Prabu lived many lives after that. The veil allows for the choosing of them, but each is an open adventure. He sought out the farmer’s daughter many times. In Russia they found each other as children but a runaway horse killed her before the age of ten. As an Indian scout for the Union soldiers in the American civil war he was days away from connecting when a confederate bullet sent him back to the veil. In England, he found her as the daughter of an aristocrat but when her parents sent her abroad, alcoholism sent him back to the veil again.
In 1982, Prabu, seeking as always, was caring for his ill mother when one day he pushed her in a wheelchair down a hospital ward. He felt the presence of the farmer’s daughter before he saw her. A nurse approached them, but her head was bowed toward the patient almost as if she was again averting a ruler’s eyes. Then she looked up at him. Oh, those eyes. They knew without saying that in this life nothing would separate them.
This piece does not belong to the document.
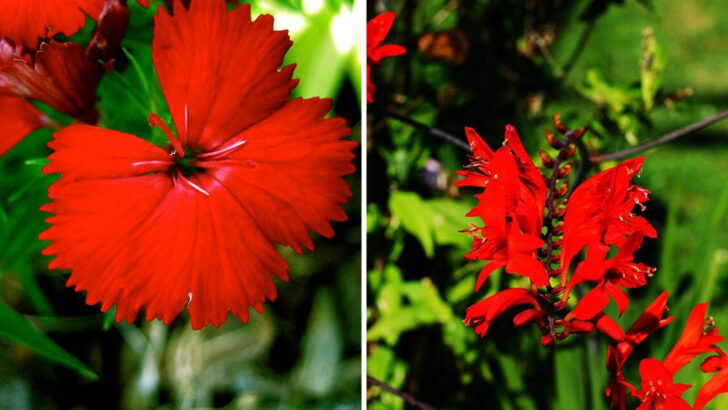 10 Red Perennials Georgia Gardeners Plant For Bold Front Yard Impact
What of Kaju? As Prince he was a young spirit. His prior experiences had all been high born, and powerfully male, a false God, a Priest, Sultan. The veil encouraged him to balance the density of his energy in the life of a lowborn female. Several times he aborted the transition until 2012 when Kaju returned as a beautiful baby girl. Prabu and Kaju met almost at once as it was meant to be, and between them passed the knowing that our lives are simply experiences, that there is no such thing as good and bad because the veil removes all judgment. They may meet again, but life is not pre-determined. The farmer had many lives too but currently remains in the veil to guide kaju in this new experience. Perhaps that is the truest love… to do so unconditionally.
Thank you for listening. I wish you all a fantastic week and a happy Valentine’s day. Make a positive difference in someone’s life, have fun doing it, and enjoy sharing in the material and other rewards that come naturally as a result.